Рекомендуем почитать
Взломщик-поэт

Перед вами юмористические рассказы знаменитого чешского писателя Карела Чапека. С чешского языка их перевел коллектив советских переводчиков-богемистов. Содержит иллюстрации Адольфа Борна.


Головокружение

Перед вами юмористические рассказы знаменитого чешского писателя Карела Чапека. С чешского языка их перевел коллектив советских переводчиков-богемистов. Содержит иллюстрации Адольфа Борна.


Случай с младенцем

Перед вами юмористические рассказы знаменитого чешского писателя Карела Чапека.

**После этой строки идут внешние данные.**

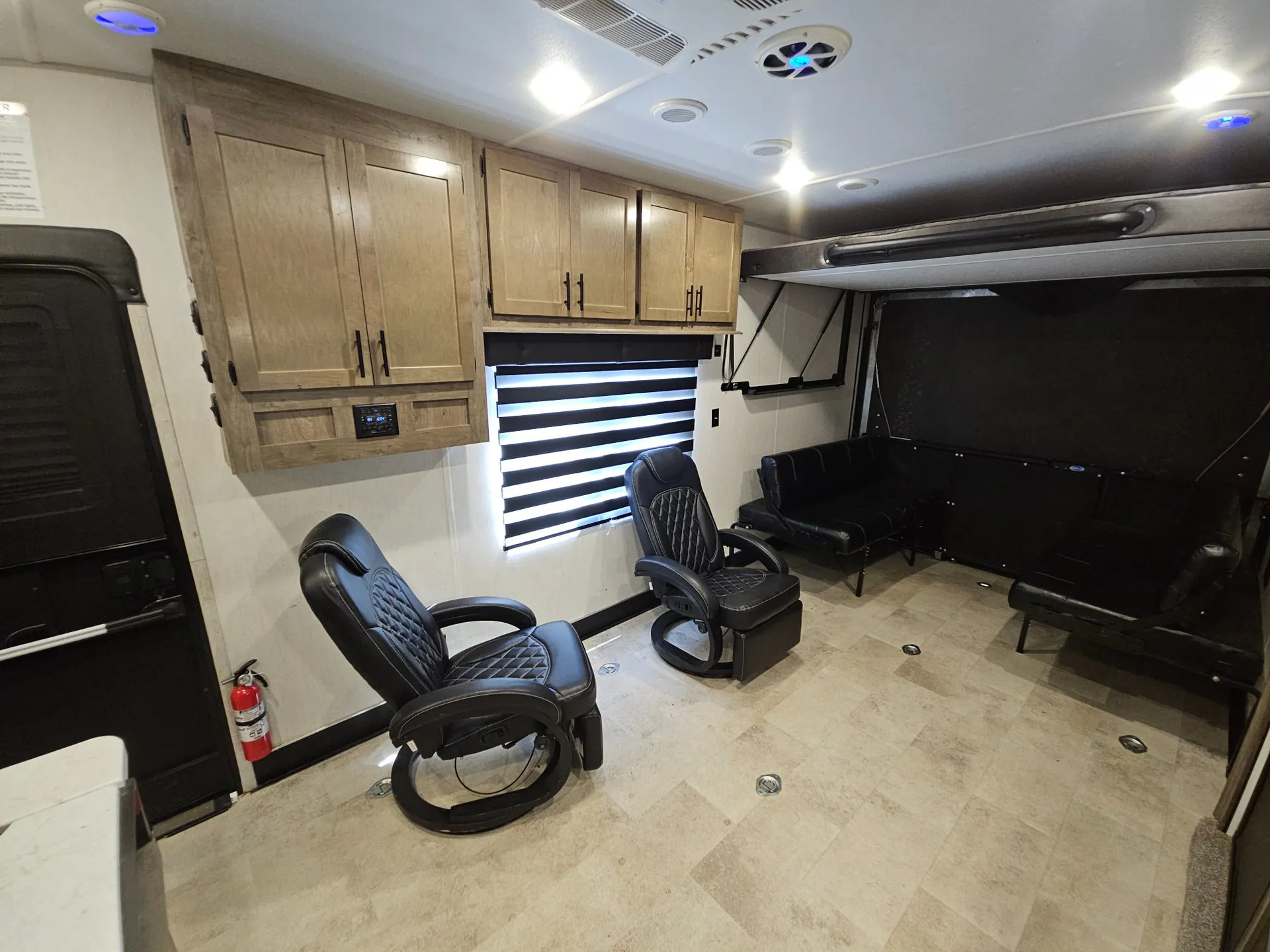 2021 Forest River Vengeance Rogue 26V — Photo 6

С чешского языка их перевел коллектив советских переводчиков-богемистов. Содержит иллюстрации Адольфа Борна.


Похищенный кактус

Перед вами юмористические рассказы знаменитого чешского писателя Карела Чапека. С чешского языка их перевел коллектив советских переводчиков-богемистов. Содержит иллюстрации Адольфа Борна.

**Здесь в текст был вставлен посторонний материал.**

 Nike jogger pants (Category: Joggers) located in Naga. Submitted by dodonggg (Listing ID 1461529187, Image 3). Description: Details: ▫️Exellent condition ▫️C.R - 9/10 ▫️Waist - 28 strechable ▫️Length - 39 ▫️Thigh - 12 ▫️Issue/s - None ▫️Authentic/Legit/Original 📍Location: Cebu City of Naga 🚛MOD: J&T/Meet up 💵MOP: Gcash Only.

Преступление в крестьянской семье

Перед вами юмористические рассказы знаменитого чешского писателя Карела Чапека. С чешского языка их перевёл коллектив советских переводчиков-богемистов. Содержит иллюстрации Адольфа Борна.


Дело Сельвина

Перед вами юмористические рассказы знаменитого чешского писателя Карела Чапека. С чешского языка их перевел коллектив советских переводчиков-богемистов. Содержит иллюстрации Адольфа Борна.

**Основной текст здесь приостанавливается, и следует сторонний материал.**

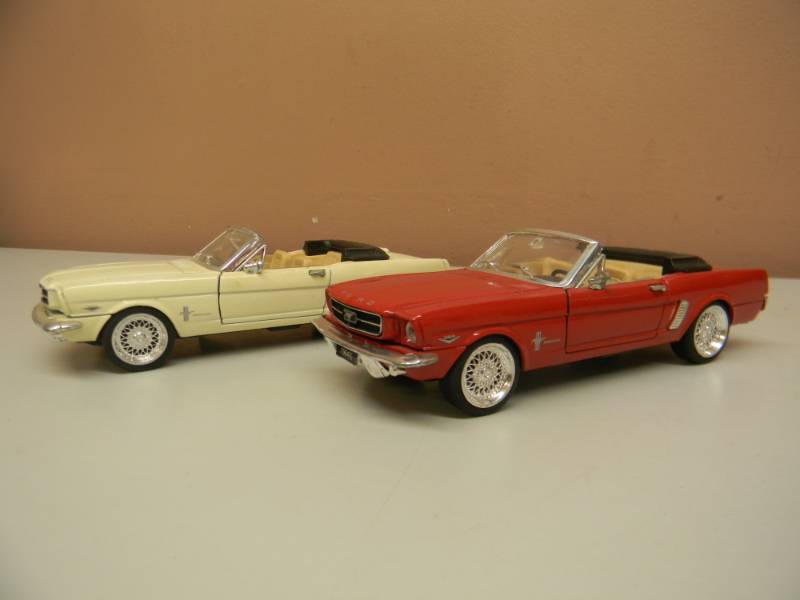 lot 73 image: 2 - VINTAGE SS7711 1964 12 FORD MUSTANG DIE CAST - CREAM, RARE & RED - SEE PICTURES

Американская повесть. Книга 1

В состав тома «Американская повесть» (книга первая) входят произведения, отражающие как различные направления в литературе США, так и реальную жизнь этой многообразной по социальным традициям, природным условиям и бытовому укладу страны. Это шесть произведений, представляющих развитие жанра повести в США в XIX веке. Среди писателей, входящих в сборник, — Г. Торо, Г. Мелвилл, Дж. Кейбл и др.


Случай в июле

Эрскин Колдуэлл (Erskine Caldwell, 1903–1983) родился в городке Уайт-Оукс (штат Джорджия) в семье пресвитерианского священника. Перепробовав в юности несколько различных профессий, обратился к газетной работе. С начала 1930-х гг. — профессиональный писатель. В своих книгах Колдуэлл выступает как крупнейший знаток Юга США, социального быта «бедных белых» и негров. Один из признанных мастеров американской новеллы 20-го века, Колдуэлл был в СССР в первые месяцы войны с фашистской Германией и откликнулся серией очерков и книгой «Все на дорогу к Смоленску!».Повесть «Случай в июле» («Trouble in July») напечатана в 1940 г.


Поэзия США

В книгу входят произведения поэтов США, начиная о XVII века, времени зарождения американской нации, и до настоящего времени.


Дикие пальмы

Роман «Дикие пальмы» – это история любви, ради сохранения которой герои пытаются убежать из мещански обустроенной жизни. Но рок настигает их, как настигает он и двух других героев, уже не любовников, а чужих друг другу людей, соединенных на время обстоятельствами. Судьбы двух пар прослеживаются параллельно, они сходны и в то же время различны – призрак наказания, тюрьмы витает над теми и над другими. Что же остается человеку в борьбе с неизбежным? Выстоять, как это всегда делают герои Фолкнера.